Insurers, to varying degrees, are beginning to concern themselves more with the total customer experience. In hand with customer experience efforts are big data initiatives.
“I think the big change, what we’re going to see, is just the use of more and more data. Using all of the different data that’s available,” says Catherine Pearson, senior vice president and practice leader with Environics Analytics. “It is no longer about customer data, or about market data and third-party data, it’s all about everything that’s available.”
Pearson’s comments were part of a panel on the changing customer, presented for attendees at the virtual Future of Insurance conference by Reuters Events.
Although the current reality is still that brokers are responsible for a lot of the industry’s business, clients increasingly want a multi-channel experience, necessitating a new, centralized approach to data for some companies.
“We can no longer maintain customer data siloed across different areas of the company if we want to have at least a chance of developing and enabling a multi-channel experience.” - Marcelo Regen
“Every company out there is at a very different stage on their data analytics journey. However I will venture that much of the data collected is mainly related to fulfilling transaction needs – to rate, to underwrite, to settle claims – and it is siloed within each of those functional areas,” says Marcelo Regen, Allstate Insurance Company of Canada’s, vice president of brand innovation and chief customer officer. “We can no longer maintain customer data siloed across different areas of the company if we want to have at least a chance of developing and enabling a multi-channel experience.”
On the cusp of significant change
When they discuss the future, however, there is a sense that insurers are on the cusp of significant change in this respect. Still, Regen says a mindset shift away from product centricity to a focus on the customer is needed.
“I would venture that, to varying degrees, insurance carriers today have their reporting, their systems and even their working groups centered around how we drive profitable growth for our line of business, versus trying to answer the question: how do we optimize the relationship with customers and partners to drive lifetime value?”

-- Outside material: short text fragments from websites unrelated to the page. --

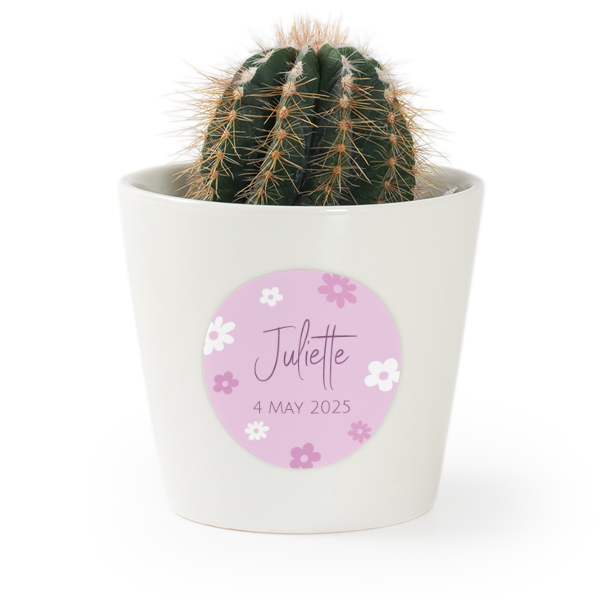 Plant Pot with Sticker - Set of 12 Plant Pot with Sticker - Set of 12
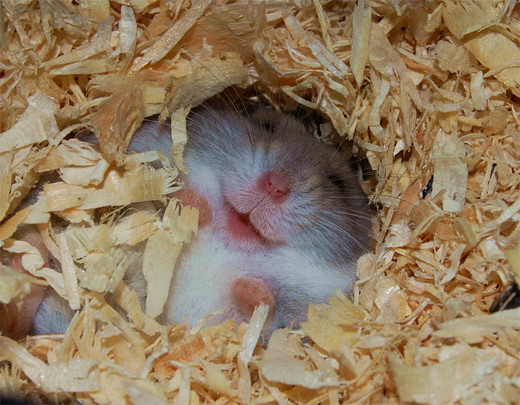 Smiling hamster picture photos photography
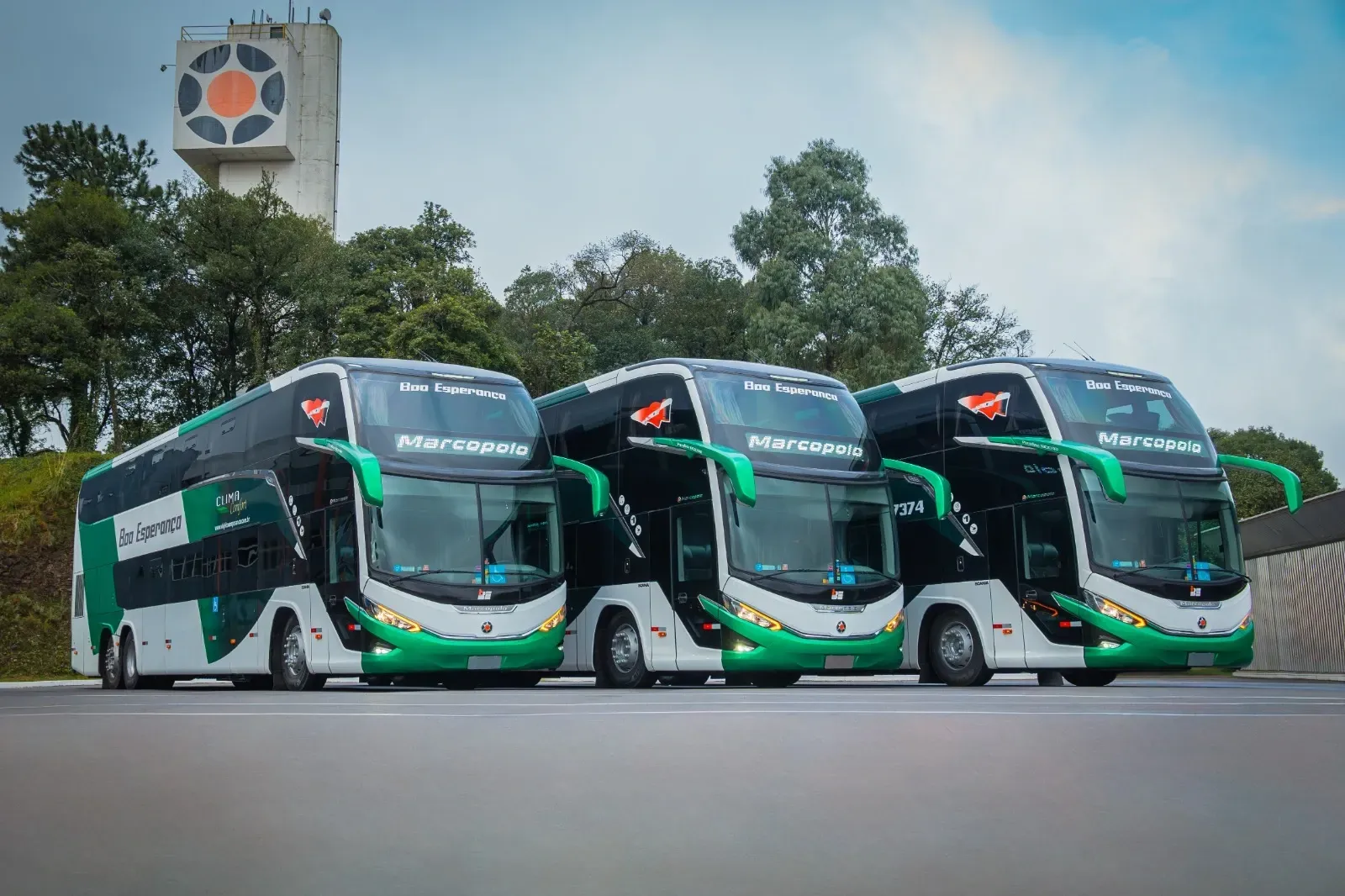 Quatro ônibus verdes e brancos estão estacionados um ao lado do outro na beira da estrada.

Companies would appear to be trying though. Investment in the consumer experience is on the rise, says Christian Bieck, global research leader, insurance, with the IBM Institute for Business Value (IBV).
“When I started my job in the IBV in 2006, we never really talked about customer experience, at least not in insurance. Something like a chief customer experience officer or chief customer officer did not really exist. Now in our survey, 90 per cent of organizations said that they have a chief customer officer or a chief customer experience officer or would be implementing one in the next few years.” (IBM surveyed just under 100 insurance companies and approximately 10,000 consumers in conducting its research.)

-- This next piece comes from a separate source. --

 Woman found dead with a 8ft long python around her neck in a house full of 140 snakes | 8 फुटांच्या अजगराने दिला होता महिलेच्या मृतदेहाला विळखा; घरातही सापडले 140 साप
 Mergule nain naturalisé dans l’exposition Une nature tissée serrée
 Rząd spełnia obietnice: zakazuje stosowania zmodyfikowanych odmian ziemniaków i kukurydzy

“Investment in customer experience has been growing immensely,” he adds, saying that between 2018 and 2022, it is projected that company investment in the consumer experience will increase 36 per cent.
Despite this, he also says that 60 per cent of insurance executives surveyed agreed that a lack of strategic focus, at least to some extent, is a barrier to improving the customer experience with their firms.
What business are you in?
Regen’s advice for those navigating these challenges is to define clearly the business they are in, while resisting the urge to base that definition on what they currently do.

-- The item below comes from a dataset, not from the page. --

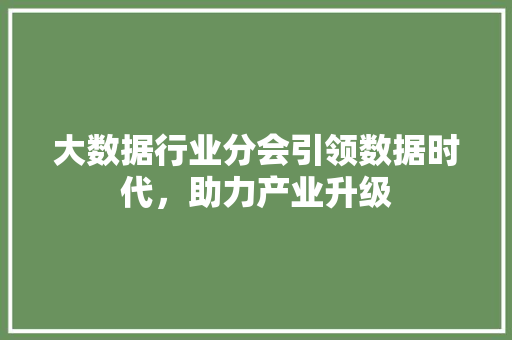 大数据行业分会引领数据时代，助力产业升级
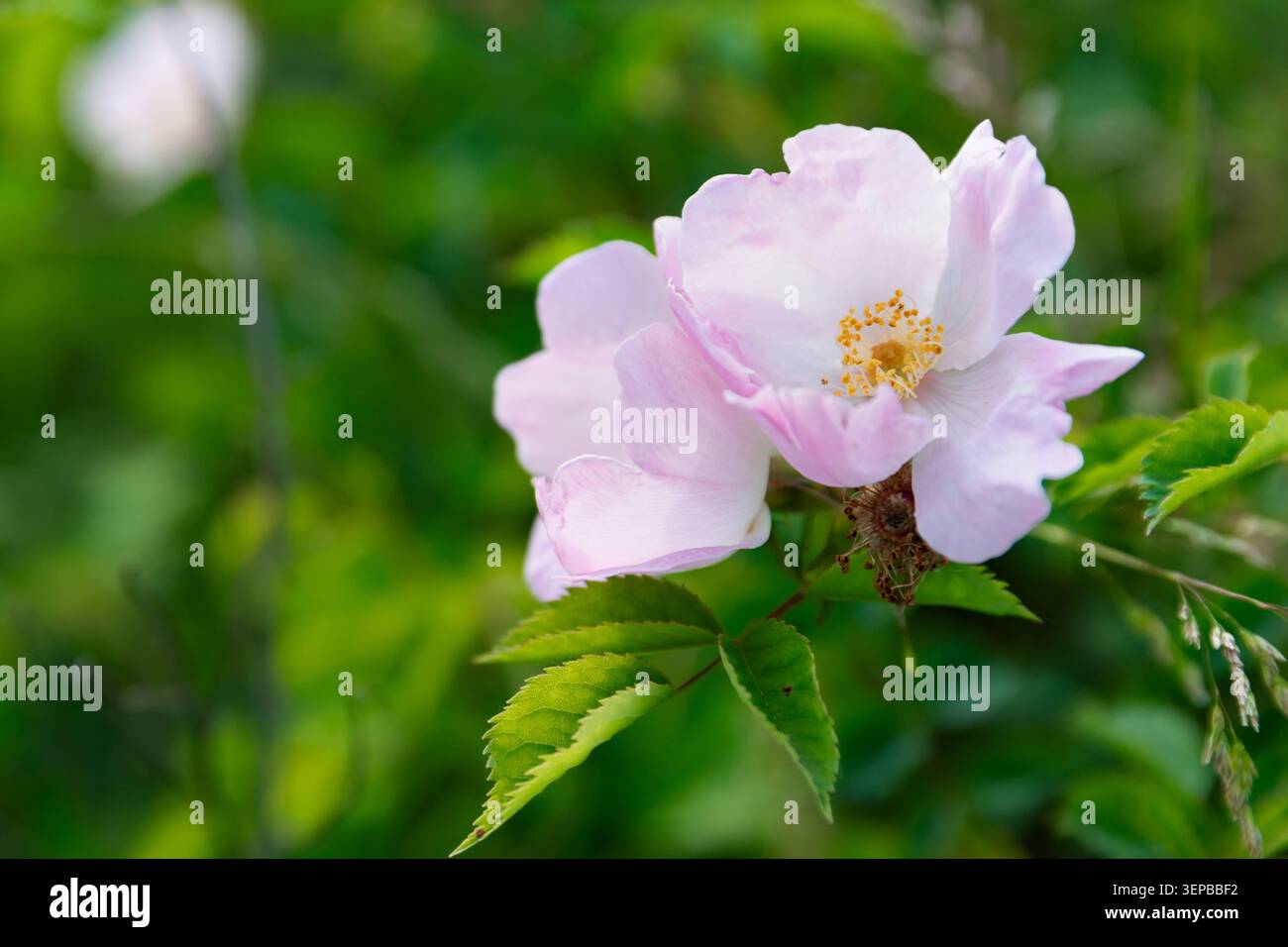 Delicato fiore rosa rosa rosa rosa rosa rosa con sfondo verde morbido naturale Foto Stock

“If we are talking about transforming anything, it is imperative to review and revisit the definition of what business we are in,” he says. “It is important to answer what business you are in based on the purpose you are trying to achieve, not based on what you currently do.” (In insurance, for example, he says companies are not in the business of selling insurance, they’re in the business of prevention and protection.)
“This will point you to the critical capabilities, the competencies that you need to accelerate, the ones that you need to be competent in, and the ones you need to worry about.” More, he adds, this mindset shift will open companies up to exploring adjacent spaces which align with a target customer’s needs, “rather than only aligning to your current operating model or your current systems.”